Stored items:
************

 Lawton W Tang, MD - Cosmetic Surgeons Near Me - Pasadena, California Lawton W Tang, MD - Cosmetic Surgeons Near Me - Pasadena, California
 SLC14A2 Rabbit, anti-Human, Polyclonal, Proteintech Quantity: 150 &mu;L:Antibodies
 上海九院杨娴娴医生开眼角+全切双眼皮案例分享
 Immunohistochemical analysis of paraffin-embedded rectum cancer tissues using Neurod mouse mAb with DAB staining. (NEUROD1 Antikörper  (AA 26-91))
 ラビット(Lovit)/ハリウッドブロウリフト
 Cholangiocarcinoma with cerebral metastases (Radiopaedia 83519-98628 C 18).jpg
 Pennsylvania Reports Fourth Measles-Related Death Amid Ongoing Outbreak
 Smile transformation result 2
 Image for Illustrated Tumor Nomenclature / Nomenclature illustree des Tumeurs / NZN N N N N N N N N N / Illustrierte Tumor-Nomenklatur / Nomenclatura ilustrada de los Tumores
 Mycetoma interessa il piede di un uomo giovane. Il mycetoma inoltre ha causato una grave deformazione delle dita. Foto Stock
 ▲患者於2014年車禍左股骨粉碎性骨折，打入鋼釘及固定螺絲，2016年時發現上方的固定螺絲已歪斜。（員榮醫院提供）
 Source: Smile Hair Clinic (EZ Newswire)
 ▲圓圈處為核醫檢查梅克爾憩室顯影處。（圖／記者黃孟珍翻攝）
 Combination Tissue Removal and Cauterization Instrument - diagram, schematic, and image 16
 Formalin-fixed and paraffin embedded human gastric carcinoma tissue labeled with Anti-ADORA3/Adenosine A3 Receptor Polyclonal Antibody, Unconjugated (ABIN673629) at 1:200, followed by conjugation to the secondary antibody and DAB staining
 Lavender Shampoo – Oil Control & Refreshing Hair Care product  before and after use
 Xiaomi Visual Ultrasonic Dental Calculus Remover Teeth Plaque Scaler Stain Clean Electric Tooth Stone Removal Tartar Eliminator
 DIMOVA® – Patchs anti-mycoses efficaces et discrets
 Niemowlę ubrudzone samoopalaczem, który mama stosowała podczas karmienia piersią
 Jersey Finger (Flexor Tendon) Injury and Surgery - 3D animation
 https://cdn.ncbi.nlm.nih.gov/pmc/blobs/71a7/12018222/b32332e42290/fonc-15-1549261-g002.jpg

************

• [What you need to do] As the answer, set down only the lines from the data above between the one holding "SLC14A2 Rabbit, anti-Human, Polyclonal, Proteintech" and the one holding "Image for Illustrated", inclusive, exactly as they read.

• [Result of this task]
 SLC14A2 Rabbit, anti-Human, Polyclonal, Proteintech Quantity: 150 &mu;L:Antibodies
 上海九院杨娴娴医生开眼角+全切双眼皮案例分享
 Immunohistochemical analysis of paraffin-embedded rectum cancer tissues using Neurod mouse mAb with DAB staining. (NEUROD1 Antikörper  (AA 26-91))
 ラビット(Lovit)/ハリウッドブロウリフト
 Cholangiocarcinoma with cerebral metastases (Radiopaedia 83519-98628 C 18).jpg
 Pennsylvania Reports Fourth Measles-Related Death Amid Ongoing Outbreak
 Smile transformation result 2
 Image for Illustrated Tumor Nomenclature / Nomenclature illustree des Tumeurs / NZN N N N N N N N N N / Illustrierte Tumor-Nomenklatur / Nomenclatura ilustrada de los Tumores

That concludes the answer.